Figure 58: Wholebrain results when selectively contrasting processing of bonobo and macaque vocalizations against human voices. Enhanced brain activity for bonobo (ab) and macaque (cd) compared to human voice (dark blue to green). ac: left hemisphere; bd: right hemisphere. Brain activations (a-d) are independent of low-level acoustic parameters for all species (fundamental frequency ‘F0’ and mean energy of vocalizations). Data corrected for multiple comparisons using FDR at a threshold of p<.05. Hum: human; Chimp: chimpanzee; Bon: bonobo; Mac: macaque.

5.5.1.2. Model 2: Processing of Correctly Categorized Species trials

We computed the same contrasts of interest as in model 1 and observed the enhancement of similar brain regions as above for chimpanzee vocalizations. Thus, brain activity specific to

the correct categorization of chimpanzee vocalizations ([chimpanzee hits > human hits, bonobo hits, macaque hits]) was enhanced in IFG bilaterally (see Figure 59 ab). When directly contrasting hits for chimpanzee vs human vocalizations ([chimpanzee hits > human hits]), activity was enhanced in similar regions as mentioned above in bilateral IFG (see Figure 59 cd). Following this, to the exception of the left pars orbitalis, the recognition of macaque calls [macaque hits > human hits]) also led to an increase of hemodynamic responses as described above in bilateral IFG (see Figure 60 cd). On the contrary, the correct categorization of bonobo vocalizations [bonobo hits > human hits] enhanced bilaterally activity in the pars triangularis only (see Figure 60 ab). As in model 1, we found no significant activity in IFG for the correct recognition of bonobo and macaque vocalizations compared to other species’ vocalizations.

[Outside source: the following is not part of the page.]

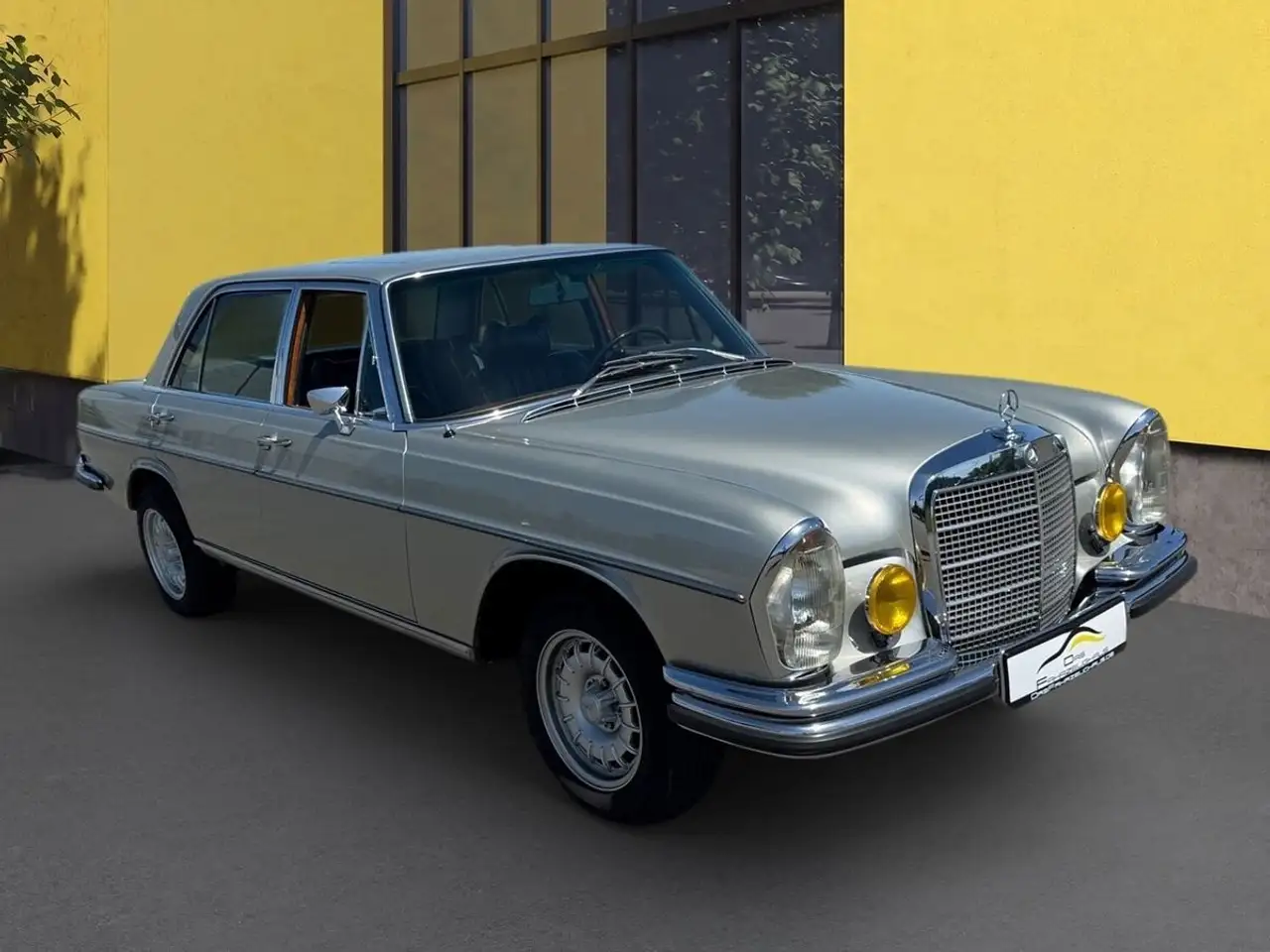 Mercedes-Benz 300 SEL 3,5 V8 Note 2+Leder+Schiebedach+Klima, foto 2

Figure 59: Wholebrain results when selectively contrasting correct categorization of chimpanzee against other species’ vocalizations. Enhanced brain activity for chimpanzee compared to other species’ vocalizations (ab) and chimpanzee calls compared to human voices (cd) (dark red to yellow). ac: left hemisphere; bd: right hemisphere. Brain activations (a-d) are independent of low-level acoustic parameters for all species (fundamental frequency ‘F0’ and mean energy of vocalizations). Data corrected for multiple comparisons FDR at a threshold of p<.05. Hum: human; Chimp: chimpanzee; Bon: bonobo; Mac: macaque.

Figure 60: Wholebrain results when selectively contrasting correct categorization of bonobo and macaque against other species’ vocalizations. Enhanced brain activity for bonobo (ab) and macaque (cd) vocalizations compared to human voices (dark red to yellow). ac: left hemisphere;

bd: right hemisphere. Brain activations (a-d) are independent of low-level acoustic parameters for all species (fundamental frequency ‘F0’ and mean energy of vocalizations). Data corrected for multiple comparisons using voxel-wise false discovery rate (FDR) at a threshold of p<.05. Hum:

human; Chimp: chimpanzee; Bon: bonobo; Mac: macaque.

5.5.2. Accuracy

As described in Chapter 4, we found significant differences regarding the recognition of the four species by human participants (F(3) = 69.097 p<.001). Participants categorized human

voices more accurately compared to chimpanzee (χ²(1) = 73.337, p<.001), bonobo (χ²(1) = 196.54, p<.001), and macaque vocalizations (χ²(1) = 95.433, p<.001). Participants were also better at categorizing chimpanzee vocalizations compared to bonobo calls (χ²(1) = 29.761, p<.001). Note that the contrast [chimpanzee vs macaque] did not reach significance after Bonferroni correction (see Figure 61).

Figure 61: Rate (%) and SD of human recognition of primate species through their vocalizations.

The dotted line represents the 25% chance level.

5.6. Interim Discussion

The present study emphasizes for the first time the role of IFG in the human categorization of heterospecific vocalizations expressed by phylogenetically close species, namely other primates.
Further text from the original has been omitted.